Ya da hadi gelin, 2013’te yaşanan sözde “Çözüm Süreci”ni konuşalım. Akil insanları, kazılan hendekleri, sokaklara kurulan bariyerleri ve o süreçte yitirdiğimiz 800’ün üzerinde şehidimizi… Terörle el sıkışılmayacağını, masaya oturulmayacağını, nasıl acı bir şekilde tecrübe ettiğimizi hatırlayalım.
TUSAŞ ŞEHİTLERİMİZİ UNUTMAYALIM
Ya da eli kanlı bebek katilinin Meclis’e davet edilir edilmez, “Tek anladığımız dil bu” dercesine yaşattığı TUSAŞ saldırısını, TUSAŞ şehitlerimizi konuşalım. Bu kadar kısa sürede unutmuş olamazsınız.
TERÖRLE MÜCADELEDE VERDİĞİMİZ ŞEHİTLERİ KONUŞALIM
Terörle mücadelede verdiğimiz şehitleri konuşalım: 7.100’ü asker, 900’ü polis, 1.500’ü korucu, 200’ü öğretmen, savcı, imam şehidimizi; 40’a yakın kundakta katledilen bebekleri, 5.000 sivil şehidimizi anlatmak için, hatırlatmak için toplandık.

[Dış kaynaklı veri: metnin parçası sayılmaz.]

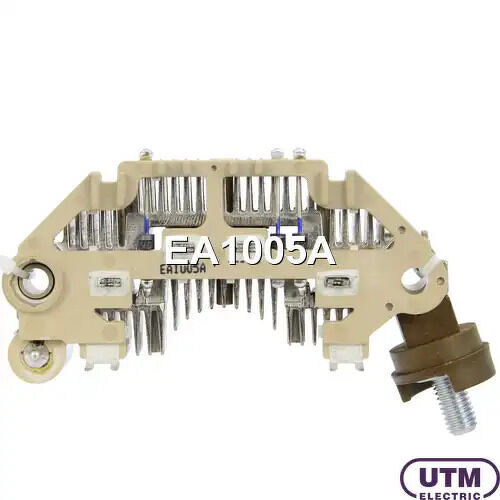 EA1005A_Диодный мост генератора UTM, EA1005A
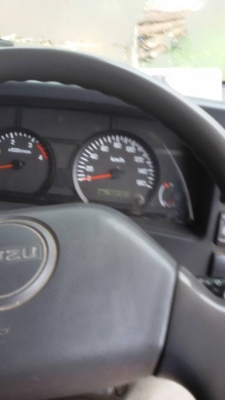 หกล้อ อีซูซุ NQR 175 ปี53 แอร์หนาว พ.เวอร์ยาว5.50ม รถสวยจัดเดิมๆไม่มีชน ทะเบียนพร้อมโอน ราคา 835,000บ ครับท่าน หกล้อ อีซูซุ NQR 175 ปี53 แอร์หนาว พ.เวอร์ยาว5.50ม รถสวยจัดเดิมๆไม่มีชน ทะเบียนพร้อมโอน ราคา 835,000บ ครับท่าน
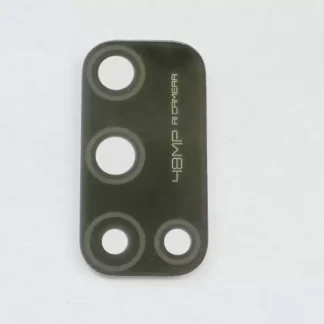 Narzo 30 Pro Camera glass
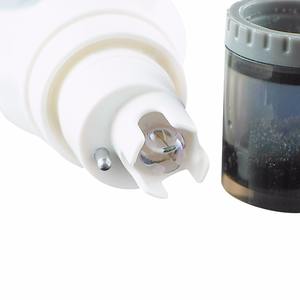 เครื่องวัดค่า <span class=keywords><strong>pH</strong></span> ขนาดปากกาดิจิตอลช่วง 0-14pH พร้อม ATC, หน้าจอ LCD ขนาดใหญ่กันน้ํา IP65 การสอบเทียบอัตโนมัติ - Product Image 4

ŞEHİT AİLELERİNİN EN BÜYÜK ARZUSU
Şehit aileleri ve gaziler bu zamana kadar siyasetin bir parçası olmadı; bundan sonra da bir parçası olmayacaktır.
Şehit aileleri ve gazilerin en büyük arzusu, terörün bitmesidir. Aynı acıyı hiçbir ailenin yaşamamasıdır. Ancak bunu yapmanın yolu, bebek katiline özgürlükten geçmemelidir. Gazi Meclis bir teröriste çiğnetilmemelidir.
VATAN BİZİM EMANETİMİZDİR
Bu aziz vatan, atalarımızın mirası olduğu kadar, şehit evlatlarımızın da emanetidir. Türk’ün töresinde vatana ihanetin affı yoktur. İslam’ın şiarında da zalime merhamet, mazluma ihanettir.
SAYIN CUMHURBAŞKANIMIZIN SÖZLERİ
Bizleri kardeşi mesabesinde gören Sayın Cumhurbaşkanımızın Samsun’da, “Şehitlerimizi, gazilerimizi rahatsız edecek hiçbir işimiz olmadı. Ne yaptıysak şehit ve gazilerimizin bize gösterdiği istikametten asla ayrılmadan yaptık.” sözleri bundan sonraki süreçte bizim için senettir.
TEK BİR YOL VAR
Ya silahlarını gömecekler ya da silahları ile gömülecekler… Üçüncü bir yol yok.” ifadelerine yer verildi.